Under cloudy skies this morning at Corona Plaza, elected officials and community members gathered to announce an $800,000 contribution from the JPMorgan Chase Foundation to help fund the upkeep of pedestrian plazas in low-income communities. The funds are going to the Neighborhood Plaza Partnership (NPP), a program of the Horticultural Society of New York that works with merchant associations and non-profits to maintain plazas in neighborhoods including Corona, Jackson Heights, East New York, and Ridgewood.
The city’s pedestrian plaza program depends on local partners to maintain the spaces. Without someone to tend to the plazas, they could quickly fall into disrepair — and no one wants a neglected plaza in their neighborhood. In less affluent communities, though, it can be tough to muster the resources to keep these public spaces in good condition.
“The model was created, really, for big BIDs in Manhattan, and it’s a very different game in a neighborhood like this,” said NPP’s Laura Hansen. Her group is working with the Association for Community Employment Programs for the Homeless (ACE NY) to create transitional jobs for former convicts, who will clean and maintain the plazas. The funds from Chase allow NPP to offer those services at a discounted rate to local partners that have signed up with DOT to take care of plazas. Hansen said she hopes to have up to 20 of the city’s 59 plazas participating in the maintenance program within two years.
“The idea here is to make sure that every neighborhood has the same opportunity,” said DOT Assistant Commissioner for Planning and Sustainability Andy Wiley-Schwartz. “The program was always designed to be citywide, and to work in every neighborhood.”

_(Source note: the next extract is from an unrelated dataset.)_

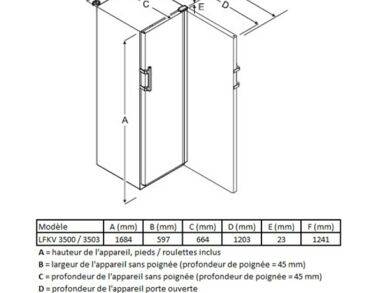 Armoire positive 5°C± 3°C, 367 litres, porte vitrée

Even if they don’t benefit directly from Chase’s donation, said Hansen, smaller plaza caretakers can reap benefits from working together. For example, NPP could help a handful of plazas close to each other pool funds for maintenance or security. It could also serve as a venue for sharing knowledge about programming, fundraising, and sponsorships. “It’s basically the same maintenance issues at every plaza,” Hansen said. “It’s about not reinventing the wheel.”